▶ **How to complete this task**
Starting at the line that contains "Une douche fermée" and stopping after the line that contains "Cecil Damen V-Neck", transcribe the listing below exactly; do not include any pictures.

▶ **Given information**
▬▬▬▬▬▬
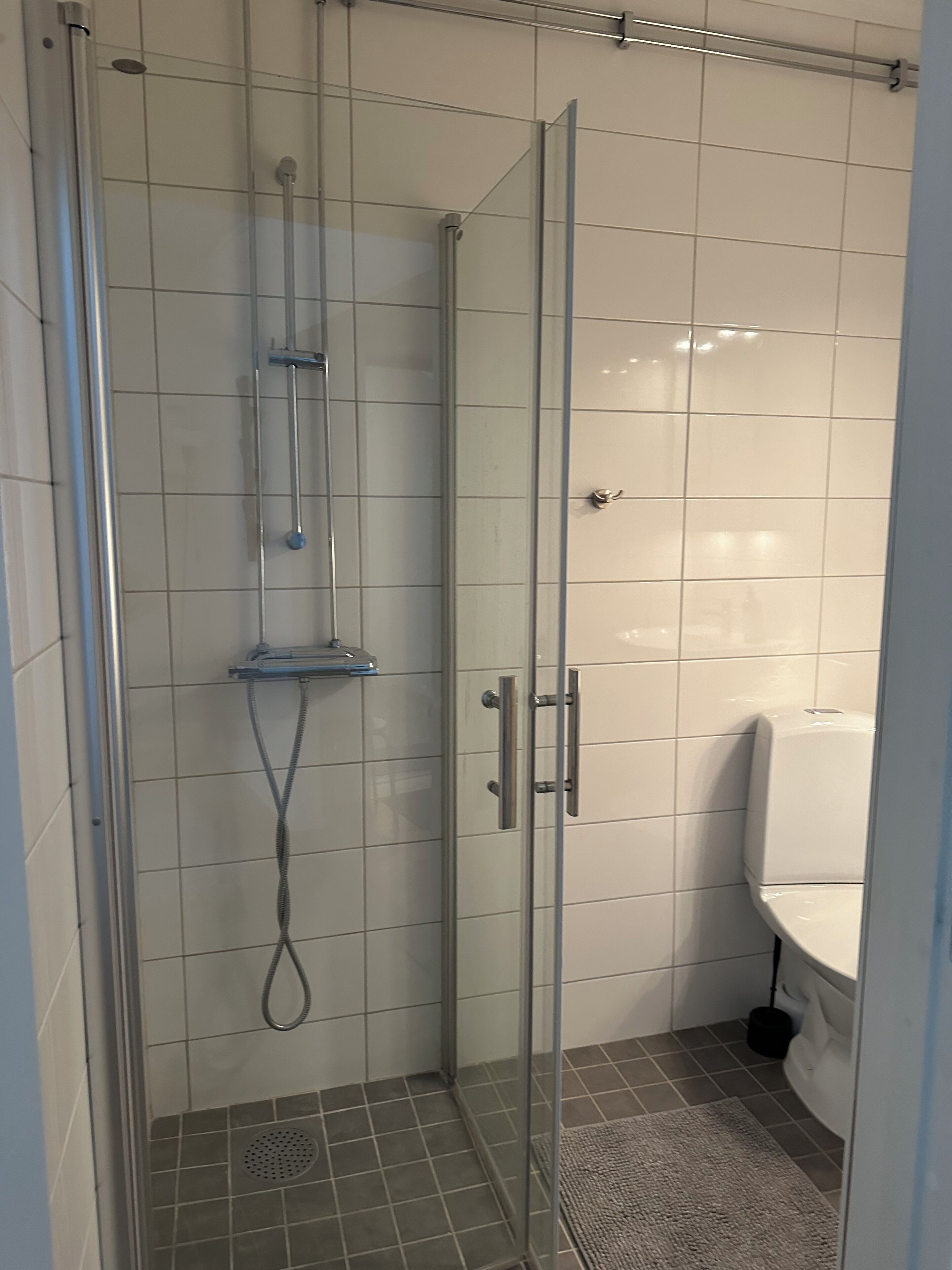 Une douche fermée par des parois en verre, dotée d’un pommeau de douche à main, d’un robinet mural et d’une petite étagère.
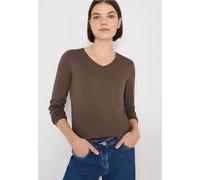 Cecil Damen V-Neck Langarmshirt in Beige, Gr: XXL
▬▬▬▬▬▬
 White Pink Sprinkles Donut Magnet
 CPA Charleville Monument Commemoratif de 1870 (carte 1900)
▬▬▬▬▬▬
▶ **Exercise answer**
 Une douche fermée par des parois en verre, dotée d’un pommeau de douche à main, d’un robinet mural et d’une petite étagère.
 Cecil Damen V-Neck Langarmshirt in Beige, Gr: XXL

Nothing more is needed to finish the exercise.